Try it »
Where the line containing "Liberty and Politics (eBook, PDF)" appears in the entries below, begin there and output every line through the last, exactly, minus the pictures.

#### Supplied information ####

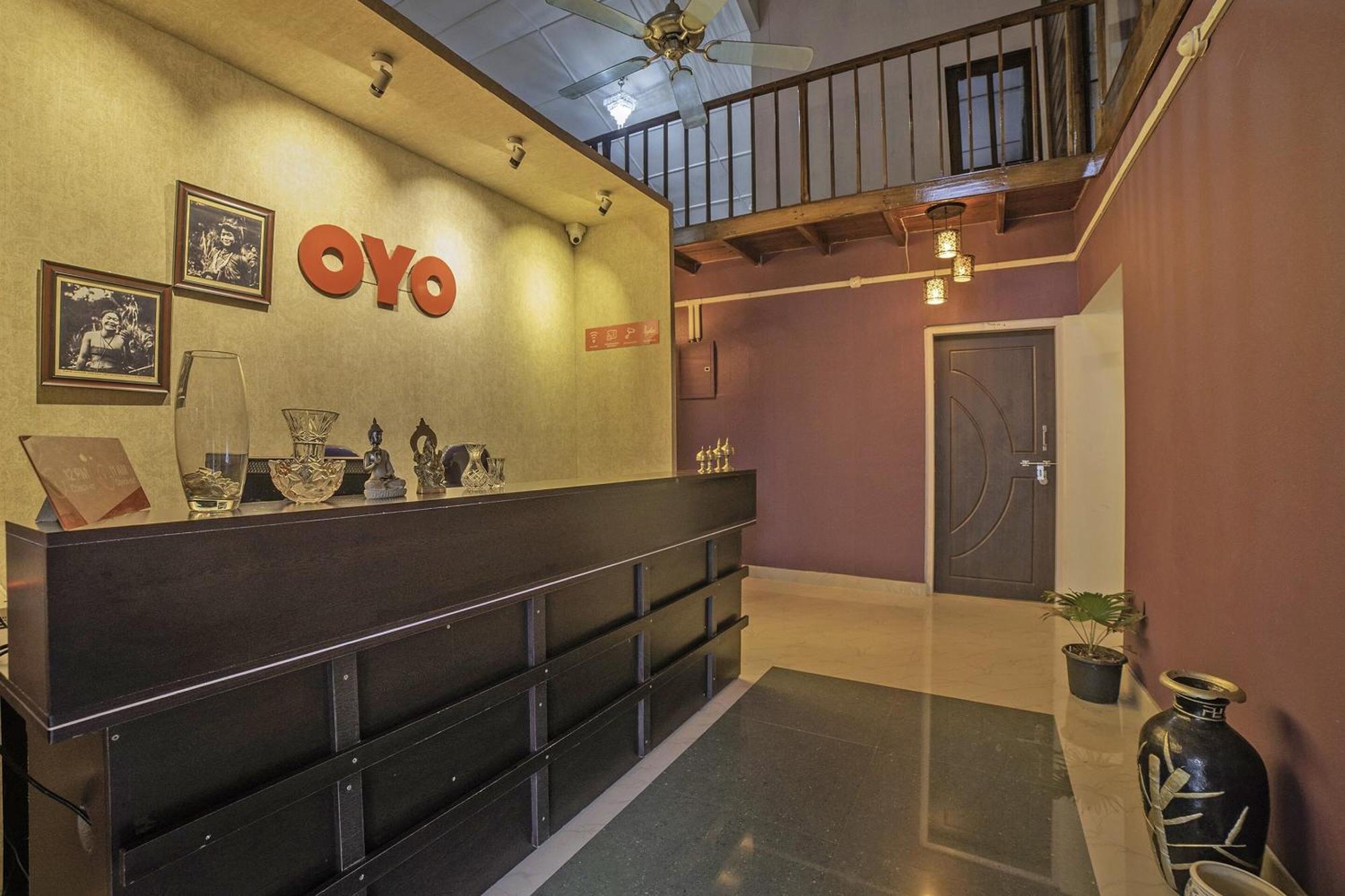 Hotel O Highland Manor Guwahati Dış mekan fotoğraf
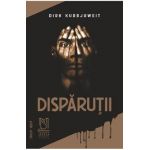 Disparutii - Dirk Kurbjuweit
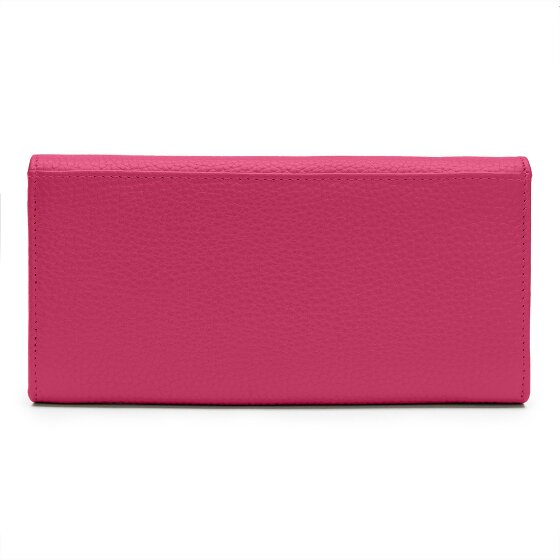Lazarotti Bologna Leather Geldbörse Leder 19 cm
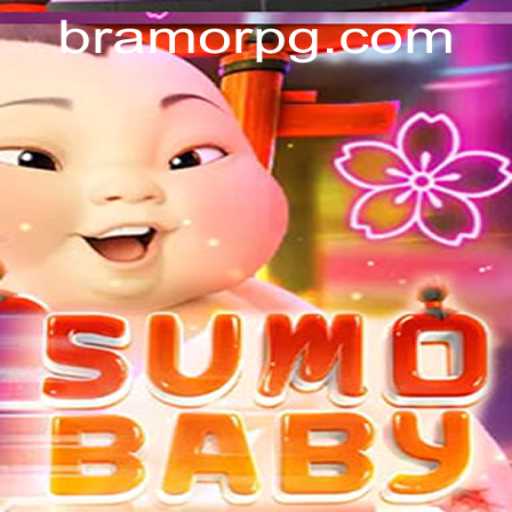 Explore the World of SumoBaby: A Unique Gaming Experience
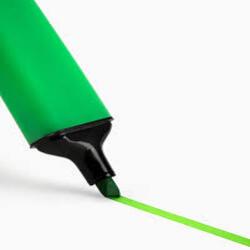 Camlin Highlighter Pen - Green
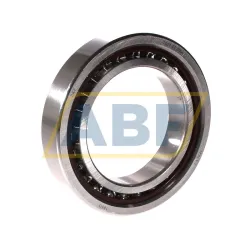 Подшипник шариковый радиально-упорный однорядный 7014CE/P4A SKF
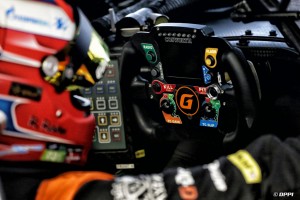 AUTO - WEC 6 HOURS OF SHANGHAI 2014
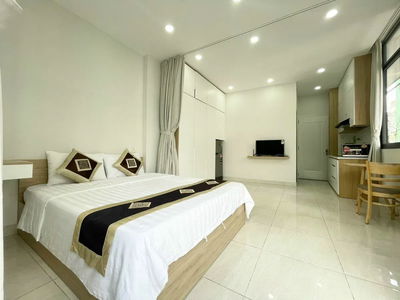 Жилье в Ho Chi Minh City, Vietnam Жилье в Ho Chi Minh City, Vietnam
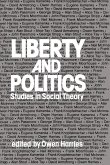 Liberty and Politics (eBook, PDF)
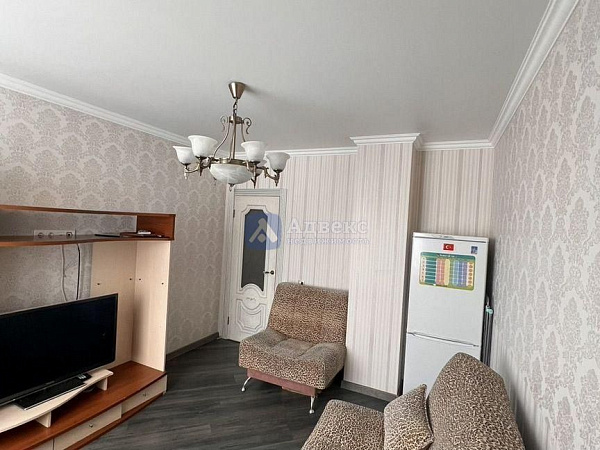 Квартира 3-комн., 83.4 м² Квартира 3-комн., 83.4 м²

####

Completed exercise »
 Liberty and Politics (eBook, PDF)
 Квартира 3-комн., 83.4 м² Квартира 3-комн., 83.4 м²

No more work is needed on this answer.